Our privatization projects have made a slow start, due to structural rigidities, but now they are gaining momentum. However, we already have a "breakthrough" in the port of Piraeus, where a pioneering investment by the Chinese company Cosco, back in 2009, has already proved a big success.
We are now building on this and trying to expand it further. I believe that the Cosco investment is only the beginning of a strategic Chinese involvement in Greek infrastructure, in the process of opening up a major "European corridor".
A number of privatization schemes that are more mature in Greece today are candidates for the next concrete steps; including railroad projects and even airport hubs.
4. China and Europe pursuing a partnership of peace, growth, reform and civilization. How will China and Greece stand together to achieve this aim?
The best and most solid way to bring people together is through cultural ties. Classic Greek Civilization has dominated the West for millennia. Chinese culture has dominated the East. So by opening up our cultural relations, we are doing much more than bringing together two distant countries. We are opening up a "window" between East and West. A window of knowledge, a window of appreciation, understanding and respect to "the other side of the world".
I strongly believe that commercial ties between China and Europe – this is actually the "big picture" – should be reshaped in terms of opening up rather than closing down; of lowering barriers rather than raising new ones. And of course, on mutually beneficial terms.
Notice the words I have chosen to describe the strategic aspects of our common prospects: A "gateway" between China and Europe, in terms of international trade; a "European corridor", in terms of investment and long-term economic ties; a "cultural window" between the two oldest and most influential civilizations, in terms of coming together and understanding each other.
The more we find out about each other, the more we understand ourselves. The more we read and discuss about our past, the more we are inspired for our future.
Plato, Aristotle and Thucydides are not only the founding fathers of Greek cultural heritage, they are an integral part of Western civilization. I believe that Confucius, Lao-tse and Sun Tsu, are also an integral part of universal cultural heritage.
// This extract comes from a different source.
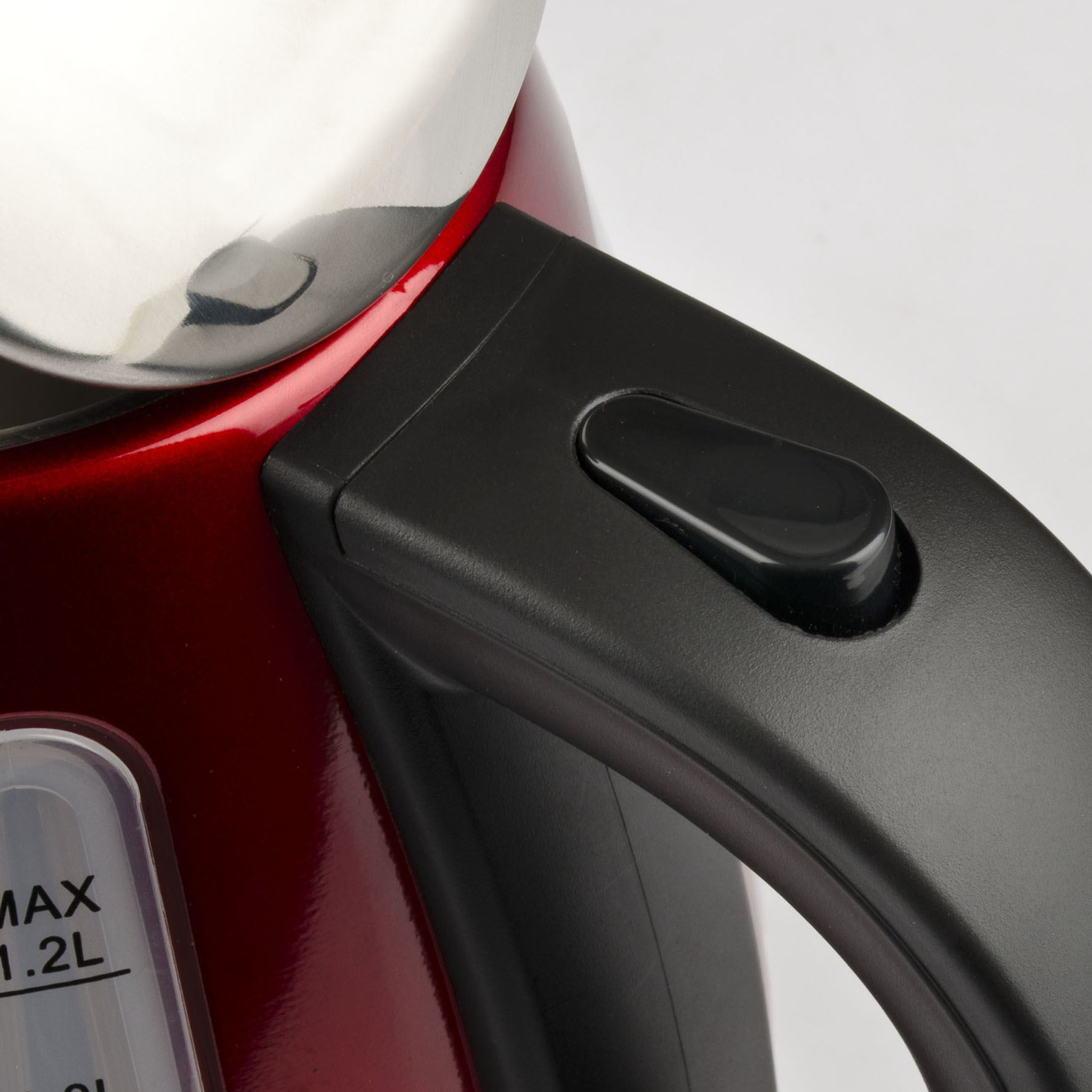 Zbliżenie czerwono-czarnego czajnika z czarnym uchwytem.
The more we find out about each other the more we discover striking similarities, and the more we realize that these unique historical experiences of China and Greece are complementary in nature and universal in their potential.
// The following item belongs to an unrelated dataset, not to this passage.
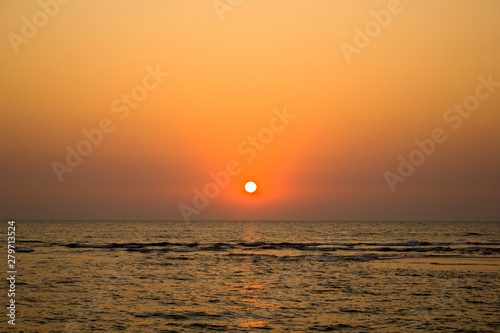 evening ocean with a sun path and waves against the backdrop of a dark yellow  purple  pink sunset sky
So we should no longer keep apart two pieces of "treasure" that together could start-up a cultural "chain reaction" of immense dynamics. Let's bring them together creating a "critical mass".
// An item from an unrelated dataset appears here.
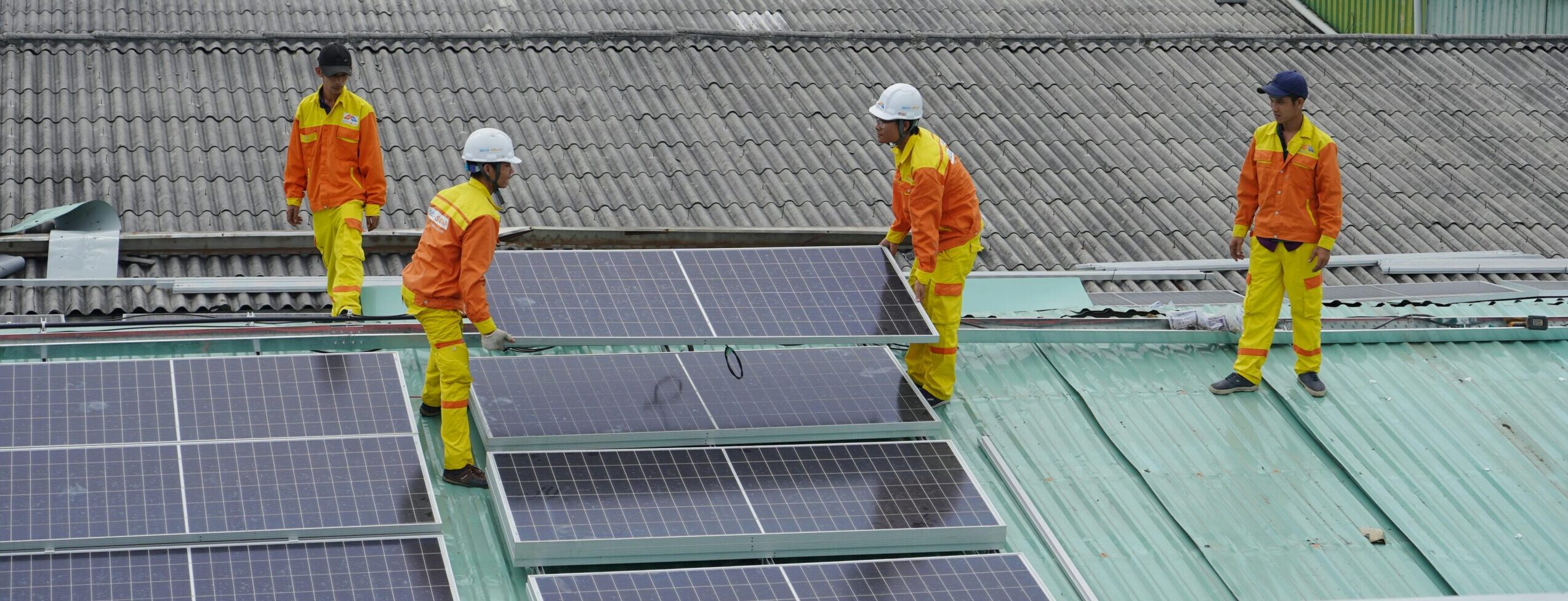 Workers installing solar panels on a roof for sustainable energy solutions.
For example, Greek and Chinese are the oldest still-spoken languages in the world. They have evolved and grown on an unprecedented scale. Just come and think about all this cultural wealth imbedded in both of them through the millennia.
So, to get started, I expect and encourage many more Greeks to learn Chinese in the years to come and many more Chinese people to learn Greek.
Both Chinese and Greeks are fast learners. I was amazed by some Chinese speaking the Greek language very fluently. I hear that we already have some Greeks that are fluent in Chinese as well.
There are probably a million things we can do to understand each other better.
So let's get started by doing something truly bold: eliminating the language barrier between us.